Bedal’s students don’t just study ancient writing—they recreate it. Students press wooden styli into clay, brush ink onto rice paper, and paint hieroglyphs on papyrus. 

“I believe it is always more effective to learn by doing,” Bedal said. 

There’s a deeper reason Bedal structures the course this way. Ancient cultures used materials from their natural environment when creating their scripts—clay in Mesopotamia, papyrus in Egypt, and rice paper in China—and those materials directly shaped how the scripts developed. Working with these materials gives students a tactile sense of the challenges ancient scribes faced. 

A person presses a wooden stylus into a small clay tablet, forming wedge-shaped cuneiform symbols.

A participant practices writing cuneiform on a clay tablet during a hands-on lesson in CAMS 109Y: Writing Systems of the World.
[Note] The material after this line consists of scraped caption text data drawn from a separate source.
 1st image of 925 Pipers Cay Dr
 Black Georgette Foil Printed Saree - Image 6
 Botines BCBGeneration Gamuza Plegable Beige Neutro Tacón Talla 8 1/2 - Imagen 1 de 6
Credit: Penn State Behrend

When students work with a clay tablet, they quickly discover that size, thickness, and hardness matter. A scribe holds the tablet firmly in one hand, which limits both its size and the amount of text it can contain. Drawing with a pointed stick creates ragged lines—something Mesopotamian scribes solved by pressing the stylus at an angle, forming small wedges that made up the script. 

Ink on papyrus and rice paper reveals a striking contrast. These materials allow for fluid shapes and identifiable pictographs, demonstrating how the medium shapes the message in the most literal sense. 

“Students better understand how ancient scribes needed to invent signs that were simple enough to compose documents in a timely manner, but distinct enough from each other to convey a variety of information,” Bedal said. 

Old Skills, Modern Insights 

The course starts with cave paintings, as an example of visual communication, and covers ten different scripts as well as number systems, before ending with modern digital communication and emojis, bringing visual communication full circle to the present day. 

For many scripts, students learn to write their own names—something familiar that helps them compare vastly different systems. The assignment seems simple until they attempt it. Bedal has noticed a consistent challenge: Students try to write too small, making their signs illegible. 

An instructor points to Chinese character displayed on a whiteboard.

The course drew on expertise from across the college, including Dr. Qi Dunsworth, above, who taught the hands-on lesson on Chinese script. Having learned modern Chinese script as a child, Dunsworth, director of the Center for Pedagogical Advancement, shared techniques for proper brush handling and stroke order.

Credit: Penn State Behrend

“It’s hard for some to approach learning a new script as a kindergartener does—big, clear, legible letters,” she said. 

When students complete their first cuneiform tablet or hieroglyphic text, Bedal sees something she treasures—pride in their accomplishment. That pride emerges from recognizing a tangible connection with ancient peoples who faced the same challenge to communicate ideas clearly and effectively.

“By learning to write ancient scripts and confronting the challenges of making signs legible, students gain a new respect for the care, skill, and thought behind all writing systems— including their own—and come to appreciate modern writing and digital communication as part of a long, creative tradition of visual expression,” Bedal said.